A small regional publisher based in Medford, N.J., could have its best year ever thanks to HBO. The sister company to Information Today, Plexus Publishing, which is distributed by IPG and typically releases two or three trade titles a year, has the book on which HBO’s newest series to mix crime, corruption, and New Jersey, is based: Nelson Johnson’s Boardwalk Empire. The eponymous series, written by Sopranos writer Terence Winter and produced by Mark Wahlberg and Martin Scorsese, who also served as director, and slated to begin airing on September 19 has the makings of a hit.

As a result, Johnson’s book, originally published by Plexus in 2002 after being turned down by a number of large houses, could turn out to be a national hit, too, despite an inauspicious beginning. “Boardwalk Empire had everything going against it,” says Plexus publisher and editor-in-chief John Bryans, who holds the same position at the book division of IT. “It was an unsolicited manuscript by an unpublished author. I just liked it. It read like a novel.” He readily got the okay from press owner Tom Hogan to publish Johnson’s book as a paperback original to be marketed strictly as a regional book. Plexus is a 50-minute drive from Atlantic City.

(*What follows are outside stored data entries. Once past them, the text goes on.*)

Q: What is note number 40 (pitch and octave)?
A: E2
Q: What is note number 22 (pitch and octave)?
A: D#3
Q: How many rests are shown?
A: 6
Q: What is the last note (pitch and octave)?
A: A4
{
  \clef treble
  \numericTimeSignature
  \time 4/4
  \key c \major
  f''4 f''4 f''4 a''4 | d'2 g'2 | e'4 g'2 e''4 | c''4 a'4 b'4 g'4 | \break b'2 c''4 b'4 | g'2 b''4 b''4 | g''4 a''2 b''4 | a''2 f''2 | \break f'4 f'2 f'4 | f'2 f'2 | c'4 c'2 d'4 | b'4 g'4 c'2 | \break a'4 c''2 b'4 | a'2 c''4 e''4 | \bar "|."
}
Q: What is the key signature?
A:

Even before the boost from HBO, which optioned the book in 2007, Boardwalk Empire was among Plexus’s top sellers. It had sold nearly 10,000 copies, behind the press’ all time bestseller, A Field Guide to the Pine Barrens, which has sold over 15,000 copies. With the HBO tie-in edition comes a 16-page photo insert from the show, a foreword by Winter, and a new afterword by Johnson, Boardwalk Empire has leapfrogged past all of the press’ previous books. Plexus released the tie-in edition in mid-August with an initial printing of 75,000 copies. Three weeks later it went back to press for another 10,000. The book is in front-of-store displays at Borders, Barnes & Noble, and Books-a-Million and will be featured at the fall NAIBA trade show to be held in Atlantic City later this month.

Much of the credit for Boardwalk Empire’s success goes to the persistence of its author, who began planning a history of early Atlantic City when he was an attorney on the Planning Board in the early days of the casinos in the 1980s. Johnson, now Atlantic County Superior Court Judge, spent two decades writing the book. Over the course of finding a publisher Johnson went through two literary agents before sending the manuscript of what was then called Nucky’s Town for Republican boss Enoch (“Nucky”) Johnson to Plexus.

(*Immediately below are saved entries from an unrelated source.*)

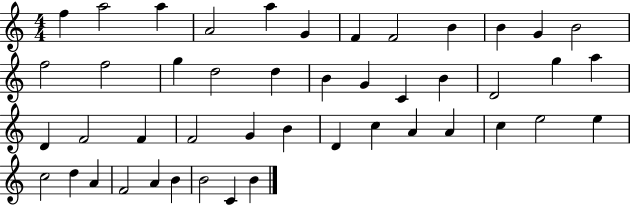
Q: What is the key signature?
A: C major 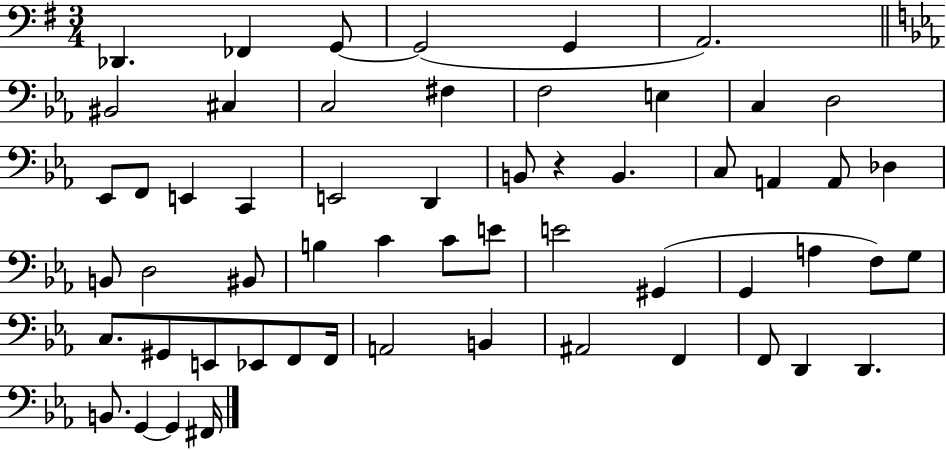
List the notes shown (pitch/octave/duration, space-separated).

Db2/q. FES2/q G2/e G2/h G2/q A2/h. BIS2/h C#3/q C3/h F#3/q F3/h E3/q C3/q D3/h Eb2/e F2/e E2/q C2/q E2/h D2/q B2/e R/q B2/q. C3/e A2/q A2/e Db3/q B2/e D3/h BIS2/e B3/q C4/q C4/e E4/e E4/h G#2/q G2/q A3/q F3/e G3/e C3/e. G#2/e E2/e Eb2/e F2/e F2/s A2/h B2/q A#2/h F2/q F2/e D2/q D2/q. B2/e. G2/q G2/q F#2/s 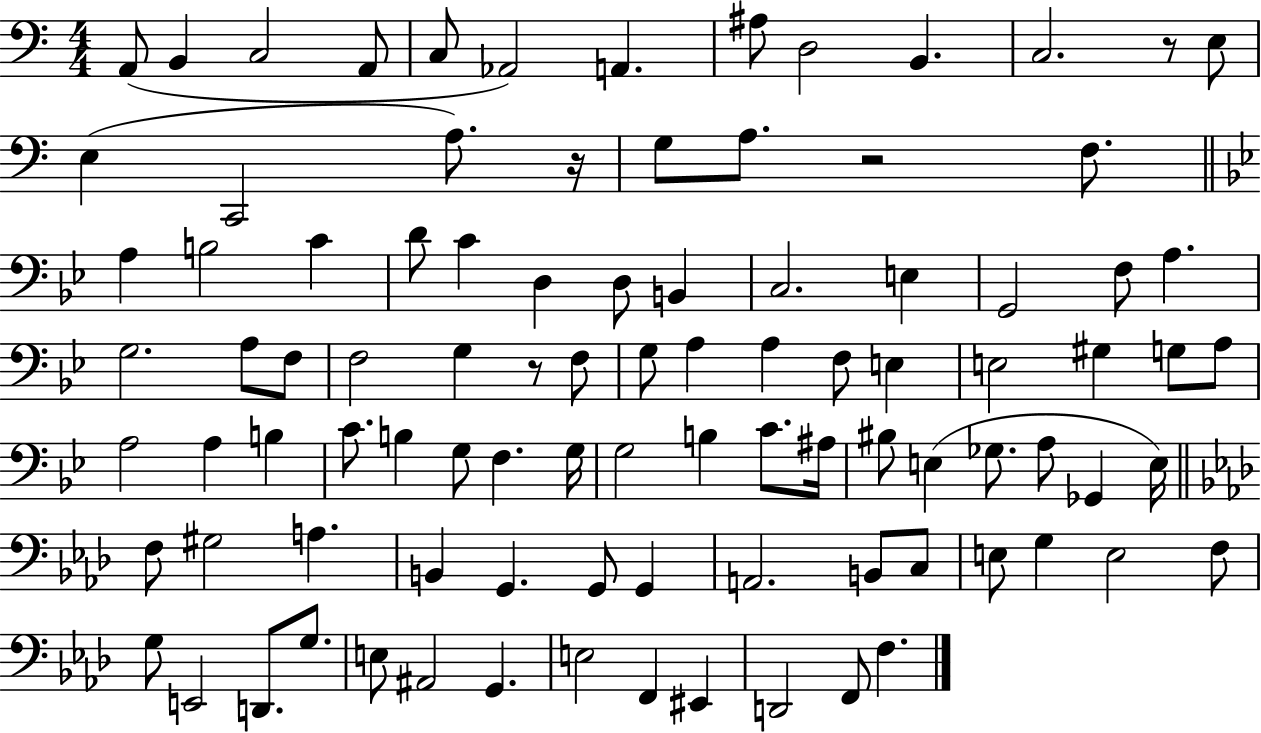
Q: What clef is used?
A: bass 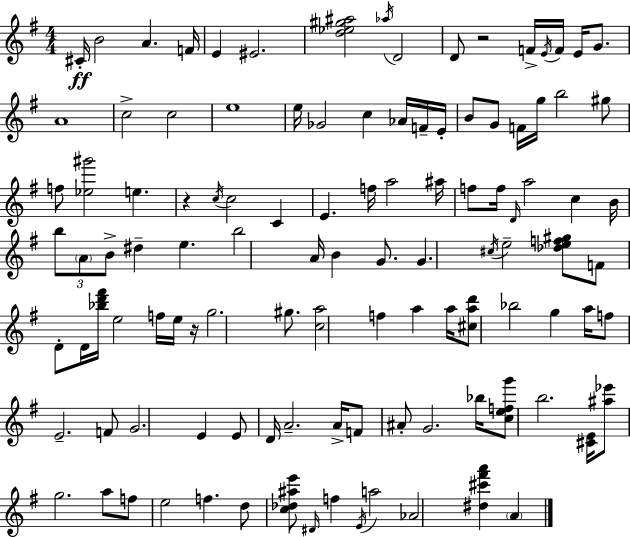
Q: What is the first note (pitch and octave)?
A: C#4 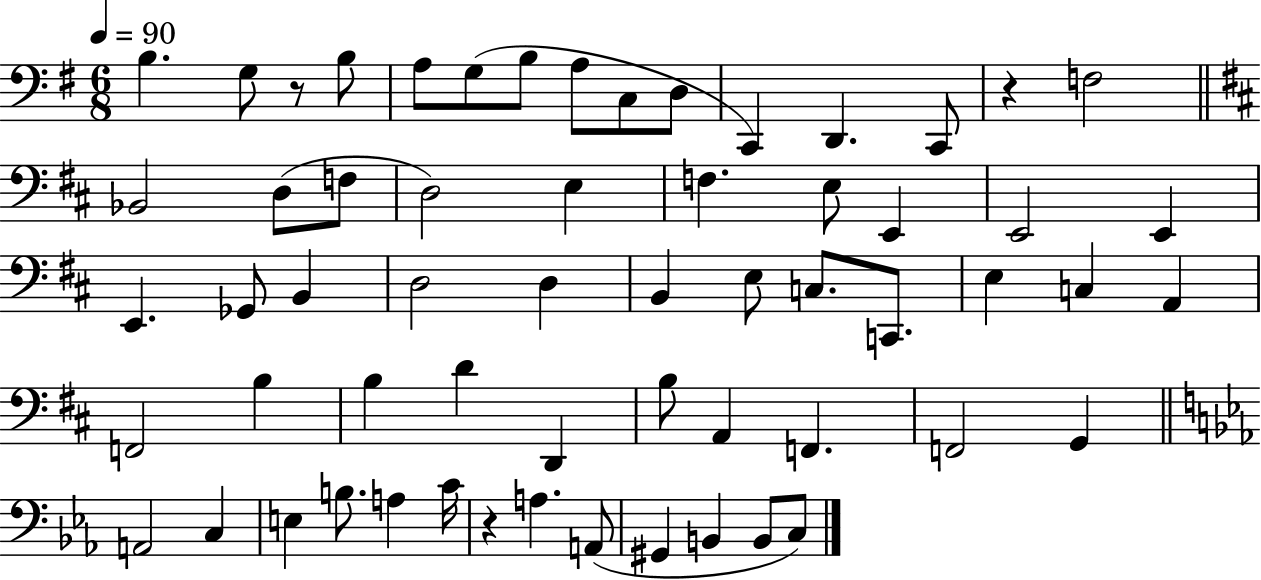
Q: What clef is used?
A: bass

Getting the book picked up by HBO was an equally circuitous process. According to Bryans it either came about as a result of one of the pitch meetings that Johnson held in California where he took screen writing classes or more likely from Wahlberg or someone in his office trolling Amazon looking for books on Atlantic City crime and corruption.

Plexus is readying a second book by Johnson on how Atlantic City was built on the backs African-Americans after the Civil War, a subject touched on in a chapter in Boardwalk Empire. The new book, North Side: African-Americans and the Creation of Atlantic City, is due out in hardcover in November. “If it were to become a film,” says Bryans, “it would be a documentary.”